Re: [PATCH v5 12/22] x86/virt/tdx: Reset software states during TDX module shutdown

From: Huang, Kai

Date: Tue Mar 17 2026 - 07:13:34 EST

On Tue, 2026-03-17 at 16:27 +0800, Gao, Chao wrote:
> On Mon, Mar 16, 2026 at 05:06:49PM +0800, Huang, Kai wrote:
> >
> > > @@ -1179,6 +1179,7 @@ EXPORT_SYMBOL_FOR_KVM(tdx_enable);
> > > int tdx_module_shutdown(void)
> > > {
> > > struct tdx_module_args args = {};
> > > + int ret, cpu;
> > >
> > > /*
> > > * Shut down the TDX module and prepare handoff data for the next
> > > @@ -1188,7 +1189,22 @@ int tdx_module_shutdown(void)
> > > * modules as new modules likely have higher handoff version.
> > > */
> > > args.rcx = tdx_sysinfo.handoff.module_hv;
> > > - return seamcall_prerr(TDH_SYS_SHUTDOWN, &args);
> > > + ret = seamcall_prerr(TDH_SYS_SHUTDOWN, &args);
> > > + if (ret)
> > > + return ret;
> > > +
> > > + tdx_module_status = TDX_MODULE_UNINITIALIZED;
> > > + sysinit_done = false;
> > > + sysinit_ret = 0;
> > > +
> > > + /*
> > > + * By reaching here CPUHP is disabled and all present CPUs
> > > + * are online. It's safe to just loop all online CPUs and
> > > + * reset the per-cpu flag.
> > > + */
> > > + for_each_online_cpu(cpu)
> > > + per_cpu(tdx_lp_initialized, cpu) = false;
> >
> > Since you have removed the requirement that P-SEAMLDR.INSTALL must be done
> > on all CPUs, and removed the relevant patch, the "all present CPUs are
> > online" part isn't correct anymore.
> >
> > And using for_each_online_cpu() isn't enough since this doesn't reset the
> > tdx_lp_initialized for offline CPUs.
> >
> > One way is to just use for_each_possible_cpu() here so tdx_lp_initialized
> > for all CPUs are reset. Since the "CPUHP is disabled" part is still correct
> > AFAICT (since stop_machine() disables CPUHP internally during the
> > operation), resetting tdx_lp_initialized for offline CPUs won't race with
> > CPUHP.
> >
> > And assuming this series will be applied after Sean's VMXON series, we will
>
> Yes.
>
> > have a TDX-specific CPUHP callback tdx_online_cpu() in TDX x86 core to do
> > tdx_cpu_enable(), which will then enable TDX again on the new-online CPU.
>
> Good point.
>
> Clearing tdx_lp_initialized for offlined CPUs makes sense, but I'd rather not
> justify this through "enabling TDX on new-online CPUs" since many details
> remain unclear. For example, there will be a SEAMCALL to disable TDX per-CPU.

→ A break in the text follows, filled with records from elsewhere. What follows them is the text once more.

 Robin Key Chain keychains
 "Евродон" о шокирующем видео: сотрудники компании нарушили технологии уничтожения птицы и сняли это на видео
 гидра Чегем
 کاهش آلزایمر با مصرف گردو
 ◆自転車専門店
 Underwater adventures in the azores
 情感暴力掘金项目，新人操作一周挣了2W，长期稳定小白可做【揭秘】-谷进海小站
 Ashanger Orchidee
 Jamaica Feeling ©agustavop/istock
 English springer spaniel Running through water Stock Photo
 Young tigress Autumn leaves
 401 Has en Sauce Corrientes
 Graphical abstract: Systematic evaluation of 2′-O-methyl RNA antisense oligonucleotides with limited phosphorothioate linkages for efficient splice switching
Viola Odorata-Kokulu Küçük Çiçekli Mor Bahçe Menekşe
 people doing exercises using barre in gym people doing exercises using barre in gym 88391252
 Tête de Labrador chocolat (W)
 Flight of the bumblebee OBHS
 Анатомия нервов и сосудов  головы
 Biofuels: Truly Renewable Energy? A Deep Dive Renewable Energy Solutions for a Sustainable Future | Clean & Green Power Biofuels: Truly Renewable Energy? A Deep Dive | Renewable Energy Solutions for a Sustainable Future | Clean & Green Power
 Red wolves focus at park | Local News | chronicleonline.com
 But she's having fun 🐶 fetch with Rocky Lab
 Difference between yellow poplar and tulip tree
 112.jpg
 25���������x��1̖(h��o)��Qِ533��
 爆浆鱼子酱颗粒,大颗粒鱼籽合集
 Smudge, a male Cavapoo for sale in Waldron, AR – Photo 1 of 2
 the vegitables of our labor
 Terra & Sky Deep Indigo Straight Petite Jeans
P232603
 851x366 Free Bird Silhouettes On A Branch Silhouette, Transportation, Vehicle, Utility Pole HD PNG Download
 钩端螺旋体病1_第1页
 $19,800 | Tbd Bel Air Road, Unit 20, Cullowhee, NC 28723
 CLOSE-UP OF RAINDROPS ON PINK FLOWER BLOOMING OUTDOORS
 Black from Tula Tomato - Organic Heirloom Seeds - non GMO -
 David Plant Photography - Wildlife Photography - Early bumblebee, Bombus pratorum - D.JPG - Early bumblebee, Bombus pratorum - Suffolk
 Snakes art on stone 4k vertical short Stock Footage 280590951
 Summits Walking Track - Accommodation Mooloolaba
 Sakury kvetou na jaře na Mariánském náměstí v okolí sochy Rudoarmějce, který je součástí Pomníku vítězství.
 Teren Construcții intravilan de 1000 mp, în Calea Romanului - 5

Sorry which SEAMCALL are you referring to?

> It should be called when CPUs go offline so that those CPUs can be exempting
> from doing SEAMLDR.INSTALL during module updates. tdx_lp_initialized should
> have been cleared along with that "disable TDX per-CPU" SEAMCALL for offlined
> CPUs.

Hmm.. It sounds like we are missing some background here. Could you
elaborate what are the steps to update module on a subset of CPUs?